La jurisprudence a, par le passé, déjà clarifié l’étendue de l’obligation d’information pesant sur l’Administration en application de l’article R 256-1 du LPF et notamment précisé :
- Sur le contenu de l’obligation : une référence aux procédures de rectification menées avec les sociétés membres doit être mentionnée et un tableau chiffré récapitulant les conséquences sur le résultat d’ensemble doit être joint (CE, 7 février 2007, min. c/ Sté Weil Besançon, n° 279588 et CE, 2 juin 2010, Sté France Telecom, n° 309114). La société mère doit, en outre, être informée du montant des pénalités appliquées ainsi que de leurs modalités de détermination (CE, 13 décembre 2013, EURL Pub Finance, n° 338133).
- Sur la forme de l’obligation : le courrier est une information non une notification de redressement devant suivre les règles procédurales de l’article L. 57 du LPF (CE, 19 novembre 2008, n° 298728).

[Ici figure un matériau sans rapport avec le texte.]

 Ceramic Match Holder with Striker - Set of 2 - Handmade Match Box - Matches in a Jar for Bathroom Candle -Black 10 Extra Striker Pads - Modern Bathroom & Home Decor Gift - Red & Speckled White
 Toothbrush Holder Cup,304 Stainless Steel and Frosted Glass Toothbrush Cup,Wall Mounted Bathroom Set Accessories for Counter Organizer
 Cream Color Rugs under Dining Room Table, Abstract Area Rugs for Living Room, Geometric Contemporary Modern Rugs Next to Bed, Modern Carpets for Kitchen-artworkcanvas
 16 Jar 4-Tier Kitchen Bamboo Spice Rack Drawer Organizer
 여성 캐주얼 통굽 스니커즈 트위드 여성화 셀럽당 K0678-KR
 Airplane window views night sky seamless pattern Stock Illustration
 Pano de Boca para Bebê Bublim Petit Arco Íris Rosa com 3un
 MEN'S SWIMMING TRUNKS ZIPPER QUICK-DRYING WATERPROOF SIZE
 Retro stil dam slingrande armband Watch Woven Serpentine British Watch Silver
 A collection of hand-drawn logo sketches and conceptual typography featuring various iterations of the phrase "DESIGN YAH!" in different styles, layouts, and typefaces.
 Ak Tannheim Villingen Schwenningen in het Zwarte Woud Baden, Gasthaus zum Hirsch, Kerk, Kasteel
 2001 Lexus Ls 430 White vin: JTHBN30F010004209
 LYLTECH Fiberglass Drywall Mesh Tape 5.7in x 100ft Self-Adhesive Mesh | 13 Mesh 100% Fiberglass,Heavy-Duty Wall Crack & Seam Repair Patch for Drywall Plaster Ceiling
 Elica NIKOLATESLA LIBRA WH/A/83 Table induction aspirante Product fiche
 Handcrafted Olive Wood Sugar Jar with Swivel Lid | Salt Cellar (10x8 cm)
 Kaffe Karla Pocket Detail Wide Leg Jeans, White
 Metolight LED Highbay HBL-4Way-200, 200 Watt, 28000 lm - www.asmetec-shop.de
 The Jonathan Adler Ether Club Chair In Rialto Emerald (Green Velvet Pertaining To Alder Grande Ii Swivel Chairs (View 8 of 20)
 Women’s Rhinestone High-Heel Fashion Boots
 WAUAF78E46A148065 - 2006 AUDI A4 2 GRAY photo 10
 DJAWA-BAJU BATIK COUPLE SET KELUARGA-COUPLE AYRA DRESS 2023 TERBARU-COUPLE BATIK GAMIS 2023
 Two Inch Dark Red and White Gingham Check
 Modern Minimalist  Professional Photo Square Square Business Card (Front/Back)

- Sur la portée de l’obligation : seule l’information de la société mère est nécessaire, sans que celle-ci puisse se prévaloir d’un droit à présenter des observations (CE, 15 février 2019, n° 407694).
Par ailleurs, la CAA de Nantes a dernièrement refusé de prononcer la décharge des impositions subies par une filiale intégrée alors que l’AMR reçu ne faisait pas référence au document d’information reçu par la société mère, ainsi que le requièrent les dispositions du LPF. Dans la lignée de la décision de la CAA de Douai, elle a estimé qu’il s’agissait d’une simple erreur matérielle qui n’avait pas privé la société mère d’une garantie, ni de la possibilité de contester utilement les montants mis en recouvrement (CAA Nantes, 17 janvier 2019, n° 17NT01944, demande de pourvoi rejetée par le Conseil d’État). - Sur le délai d’information :
- Ce document doit être transmis à la société mère préalablement à la mise en recouvrement des rappels correspondant : pas de décharge d’imposition en cas de réception de l’information avant la notification de l’AMR à la société mère et de la proposition de rectification à la société contrôlée (CE, 15 février 2019, n° 407694).
- La réception de l’information concomitamment à l’AMR justifie la décharge des impositions mises en recouvrement (TA Montreuil, 1er décembre 2016, n° 1510172).